[hibernate-issues] [Hibernate-JIRA] Commented: (HHH-1615) GROUP BY entity does not work

Wed Feb 6 18:08:56 EST 2008

    [ http://opensource.atlassian.com/projects/hibernate/browse/HHH-1615?page=com.atlassian.jira.plugin.system.issuetabpanels:comment-tabpanel#action_29463 ] 

Giampaolo Tomassoni commented on HHH-1615:
------------------------------------------

I have the impression your example is a bit misleading. Grouped queries in which you need to get a whole entity are generally ones in which some ORM is involveld, otherwise the "group by" construct is redundant.

In example, the HQL query:

SELECT c, COUNT(*)
FROM Company AS c INNER JOIN c.products AS p
WHERE p.price > 150.00
GROUP BY c
HAVING COUNT(*) > 1
ORDER BY c.income ASC

could be mapped by a patched Hibernate to something like, say, the following SQL select:

SELECT c.id, c.name, c.income, COUNT(*)
FROM companies AS c RIGHT OUTER JOIN products AS p ON c.id=p.idcompany
WHERE p.price > 150.00
GROUP BY c.id, c.name, c.income
HAVING COUNT(*) > 1
ORDER BY c.income ASC

I think that many SQL optimizers should discover the speed-up pattern available on this kind of redundanly-grouped queries: c.id is a primary key and the value of c.name and c.income depend on it. Pheraps MySQL misses a true query optimizer?

Anyway, in order to improve performances when the optimizer isn't smart enough, the trick in SQL is field post-fetching. In example, a patched Hibernate could instead map the above HQL query in the following SQL one:

SELECT c1.id, c1.name, c1.income, c2.cnt
FROM companies AS c1 RIGHT OUTER JOIN (
 SELECT c.id, COUNT(*) AS cnt
 FROM companies AS c INNER JOIN products AS p ON c.id=p.idcompany
 WHERE p.price > 150.00
 GROUP BY c.id
 HAVING cnt > 1
) AS c2 ON c1.id=c.id
ORDER BY c1.income ASC

See? The HQL query is basically mimed by the inner select, which is then wrapped by one meant mostly to dereference entity fields. This needs a grouping index having the same width of the company table's primary key (1 assumed in this example), and results in better performances with respect to fetching all the grouped data in the application and then dereferencing the IDs from there.

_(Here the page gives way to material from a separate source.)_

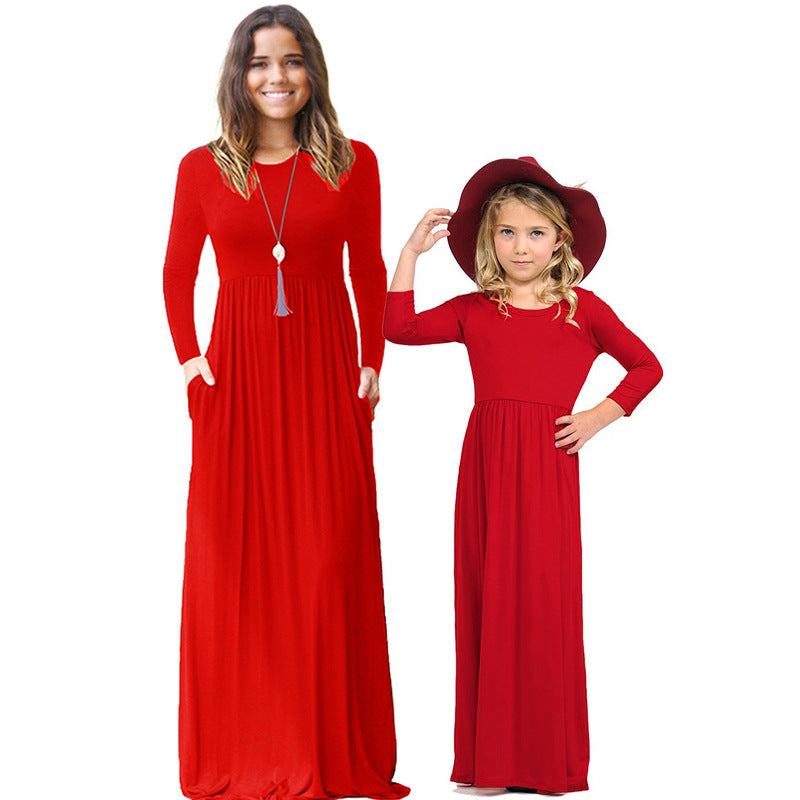 Solid color parent-child long-sleeved Dress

It needs subqueries and joins, besides. I don't know if MySQL does support subqueries, but most of the other SQL engines handled by Hibernate do.

So, a general solution to the problem outlined in this issue would be to adopt the subquery+joins mapping when the target SQL engine supports them, falling back to the multi-field grouping when it doesn't.

Please note I didn't run the above HQL and SQL queries, thereby it may be there is something wrong in them.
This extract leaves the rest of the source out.